Personal safety, both physical and digital, is a top priority for ISO’s consumer policy group, COPOLCO. This committee, dedicated to harnessing standards for consumer protection, exists to ensure that consumers have a voice in international standardization. It runs consumer-focused training events and raises awareness of standards that will make a real difference to the way we live and the products we consume. It also proposes new projects and policy from the consumer perspective.
Two recently published standards, and a third just approved for development, are examples of how ISO’s work reflects consumers’ interests and priorities. The first two will help make cities safer through full consideration of the environmental and design aspects as they relate to modern, smart cities, as well as protect our online privacy as we roam between networks and devices. The third will help consumers make informed choices about purchasing goods and services on the Internet.

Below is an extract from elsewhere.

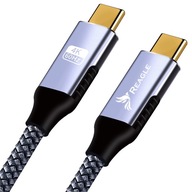 Thunderbolt 3 USB-C PD kábel 100W 20Gb 4K 60Hz 3m Thunderbolt 3 USB-C PD kábel 100W 20Gb 4K 60Hz 3m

Building safer communities
Crime prevention through environmental design (CPTED) is an urban planning approach to designing living spaces in a way that deters violations and reduces fear amongst inhabitants. It aims to reduce crime and improve quality of living in communities. Such concepts have been around since the 1970s and used in numerous crime prevention strategies across the world, with much success.

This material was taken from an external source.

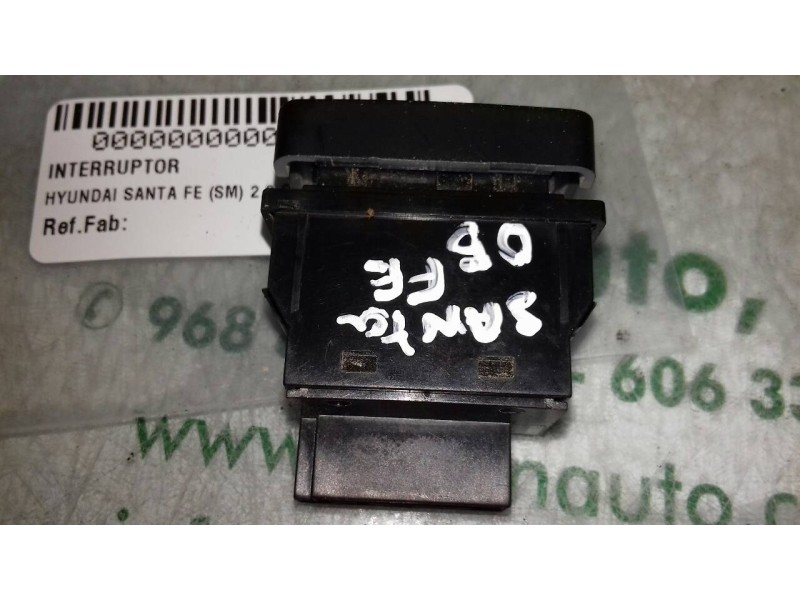 Recambio de interruptor para hyundai santa fe (sm) 2.0 gls crdi 4x4 referencia OEM IAM  6 PINES ASIENTOS CALEFACTABLES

ISO has just published an internationally agreed set of guidelines that brings together best practices. ISO 22341, Security and resilience – Protective security – Guidelines for crime prevention through environmental design, addresses the principles, elements, strategies and process for reducing crime – including certain types of terrorist attacks – and fear of crime in new or existing urban built environments.

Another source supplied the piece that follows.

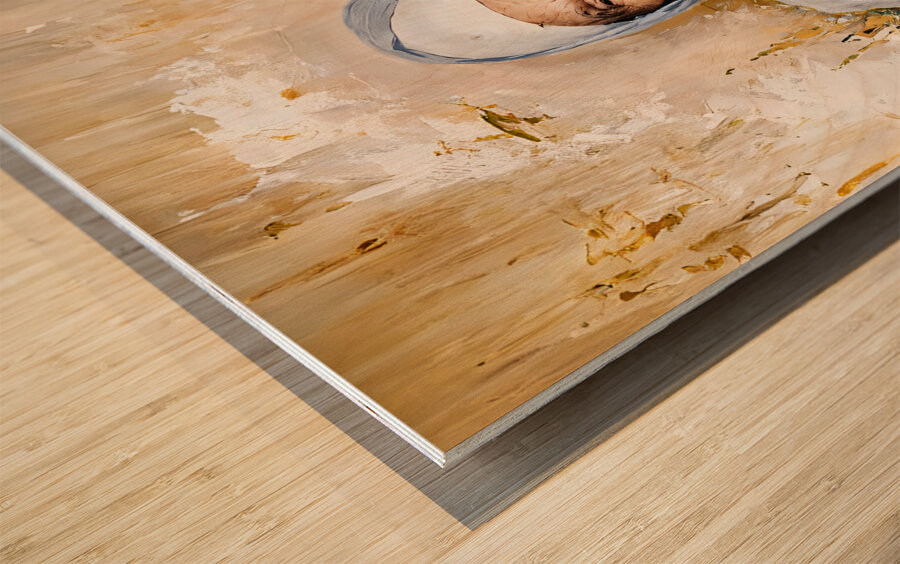 Baba Sali Wood print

Protecting our privacy in smart cities
Cloud computing, the Internet of Things, mobile networks and artificial intelligence are just some of the tools cities use to increase efficiency and improve the quality of life of their citizens, yet they also expose us to risks and vulnerabilities related to personal privacy and security. Solutions and standards abound, but they are not always easy to navigate when the systems and interconnections are as complex as the stakeholders are many.
A new technical specification has just been published which aims to help. ISO/IEC TS 27570, Privacy protection – Privacy guidelines for smart cities, provides recommendations and guidance on the management of privacy and on the use of supporting standards. These recommendations apply to organizations and stakeholders concerned with the delivery, use or availability of a service in a smart city ecosystem, where many technologies, systems and stakeholders interact in many and complex ways.
Informing our purchasing decisions
ISO members have just approved the development of guidelines for organizations to increase consumer understanding of online terms and conditions. This project aims to address the information gap that consumers often experience when purchasing goods and services online. Intimidated by long pages of fine print and obscure language, consumers will often click straight through to purchasing their chosen item. However, if the terms and conditions are not properly understood, the purchase may fail to meet the expectations for price, delivery time, complaints handling or even safety.
The newly established project committee (ISO/PC 335) will develop guidance for providers of goods, services and digital content on the clear design and presentation of online terms and conditions. It’s a major step towards maximizing consumer understanding and improving experiences. This in turn will lead to fewer complaints, particularly critical in an online environment where the buyer has the disadvantage of distance from the seller, access to the product and conflicting legal jurisdictions for cross-border purchases.
The ISO committee for consumers just held its plenary meeting online on 5-6 May, where it considered other potential work on standards for consumer protection. A recent proposal on “Guidance for marketing and advertising to children” has just been released for vote to the ISO membership.